*What you are asked to do*
All of the records below need to be written out exactly, but without the pictures.

*Extracted material*
=== Begin Enclosure ===

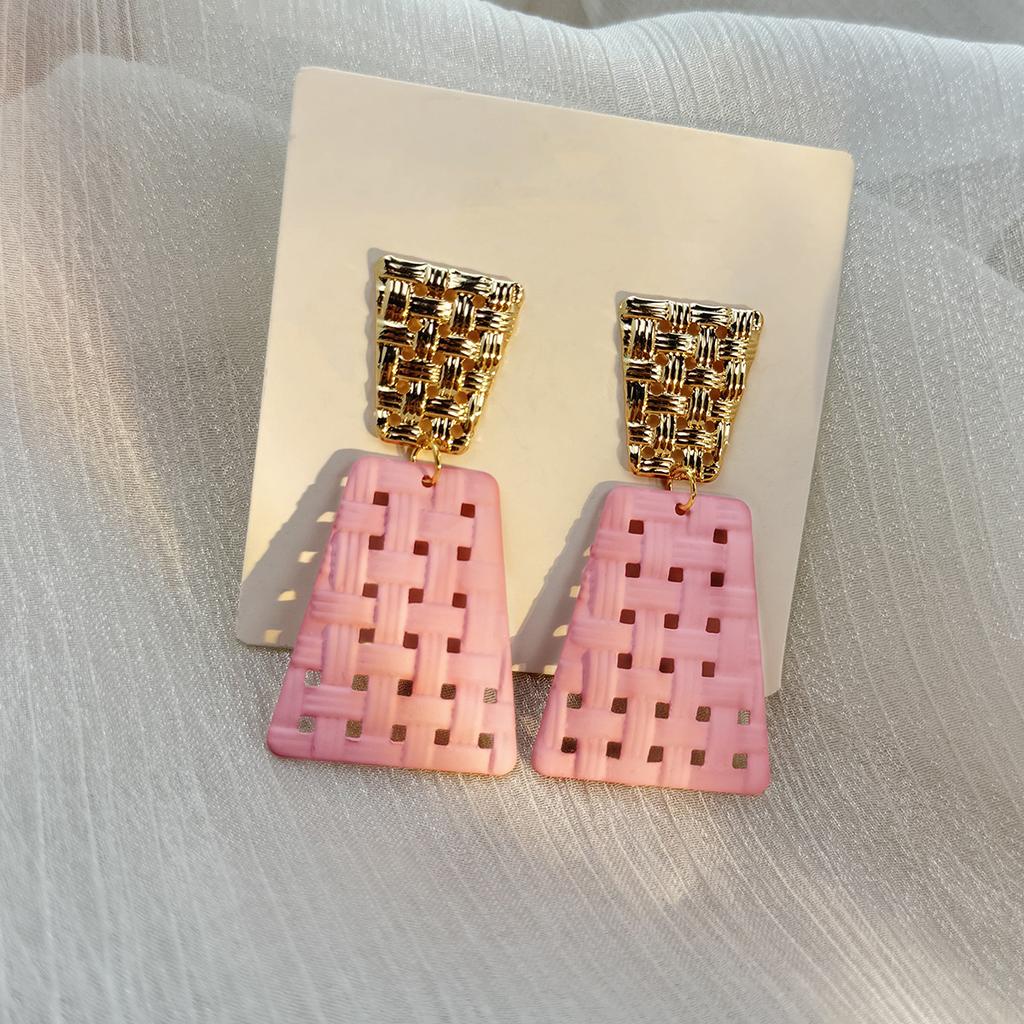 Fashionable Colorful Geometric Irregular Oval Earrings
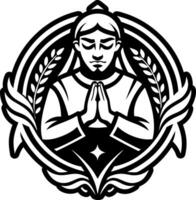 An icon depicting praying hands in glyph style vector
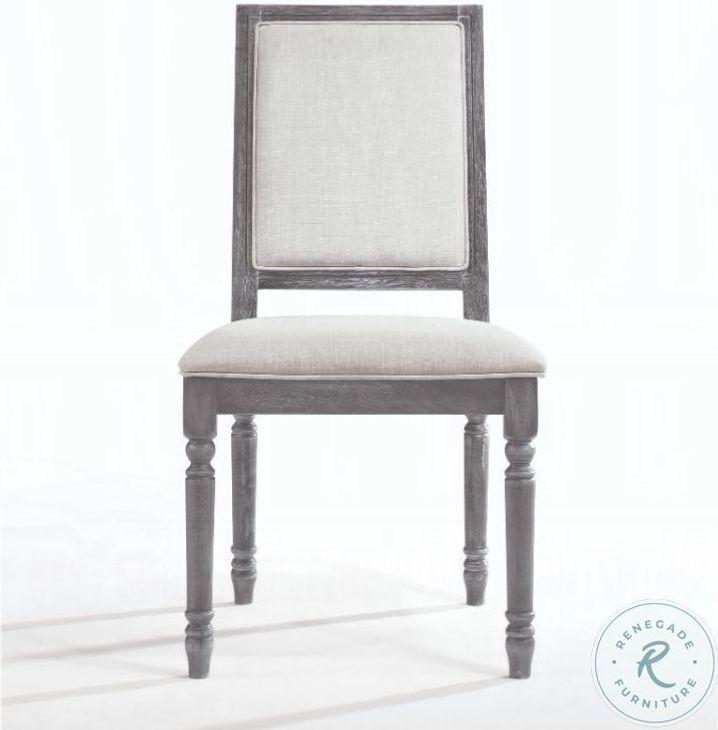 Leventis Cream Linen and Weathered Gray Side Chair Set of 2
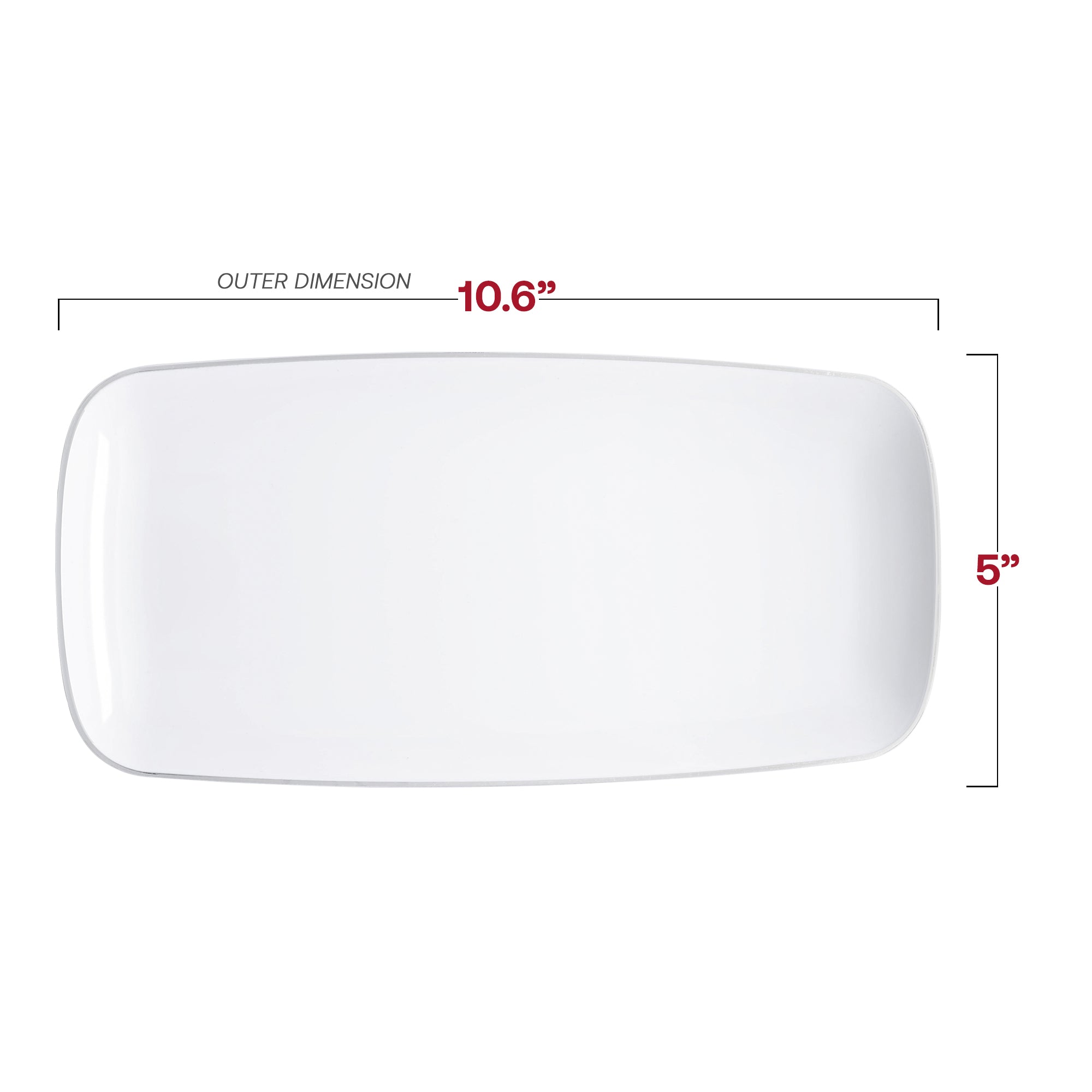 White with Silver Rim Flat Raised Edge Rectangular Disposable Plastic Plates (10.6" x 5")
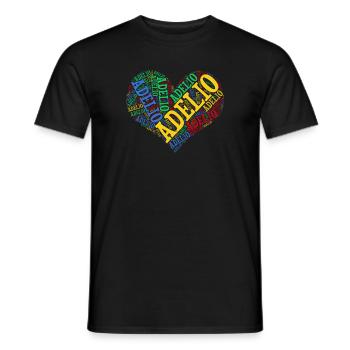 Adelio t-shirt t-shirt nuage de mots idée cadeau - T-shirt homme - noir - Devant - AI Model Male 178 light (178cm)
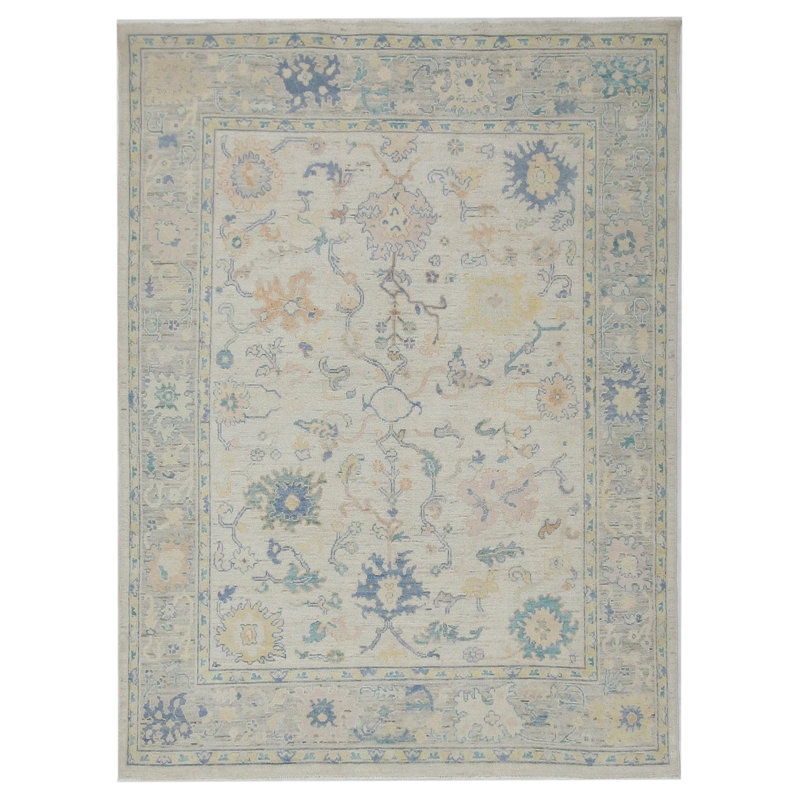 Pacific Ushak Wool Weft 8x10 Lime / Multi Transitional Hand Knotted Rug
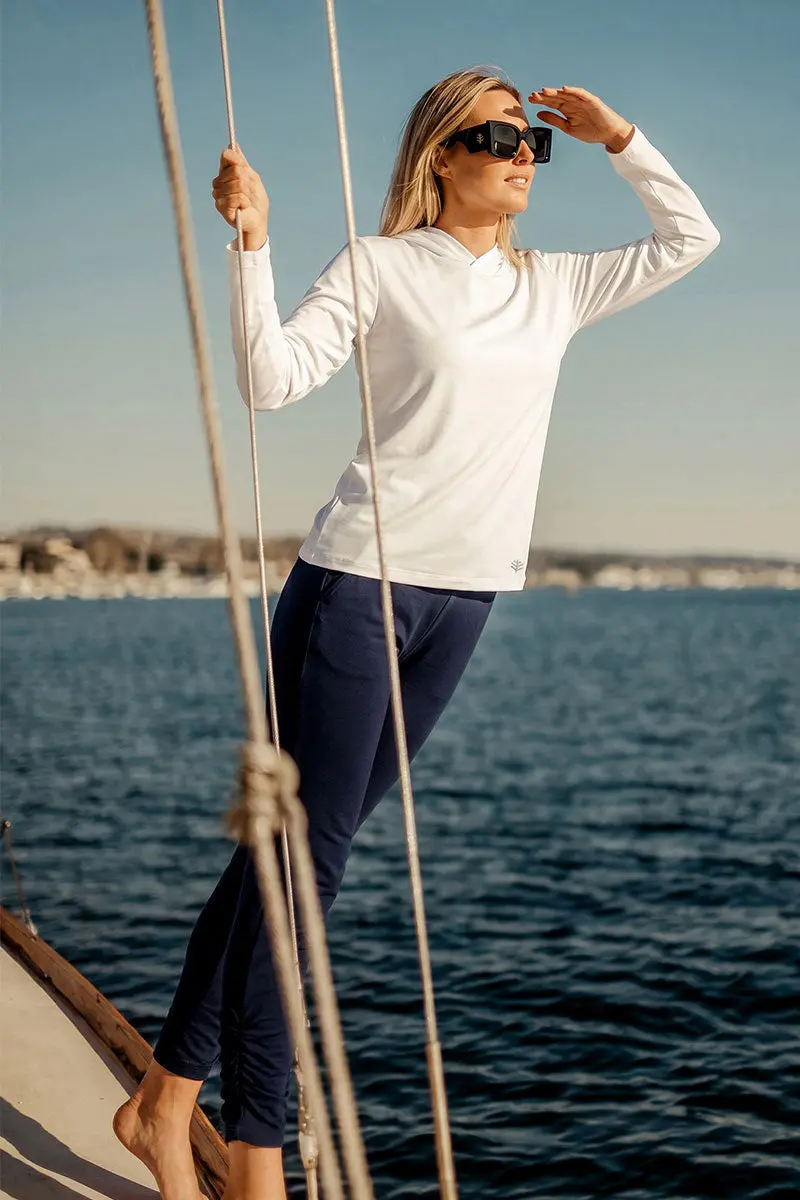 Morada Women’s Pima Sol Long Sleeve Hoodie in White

=== End Enclosure ===

*Output for this task*
 Fashionable Colorful Geometric Irregular Oval Earrings
 An icon depicting praying hands in glyph style vector
 Leventis Cream Linen and Weathered Gray Side Chair Set of 2
 White with Silver Rim Flat Raised Edge Rectangular Disposable Plastic Plates (10.6" x 5")
 Adelio t-shirt t-shirt nuage de mots idée cadeau - T-shirt homme - noir - Devant - AI Model Male 178 light (178cm)
 Pacific Ushak Wool Weft 8x10 Lime / Multi Transitional Hand Knotted Rug
 Morada Women’s Pima Sol Long Sleeve Hoodie in White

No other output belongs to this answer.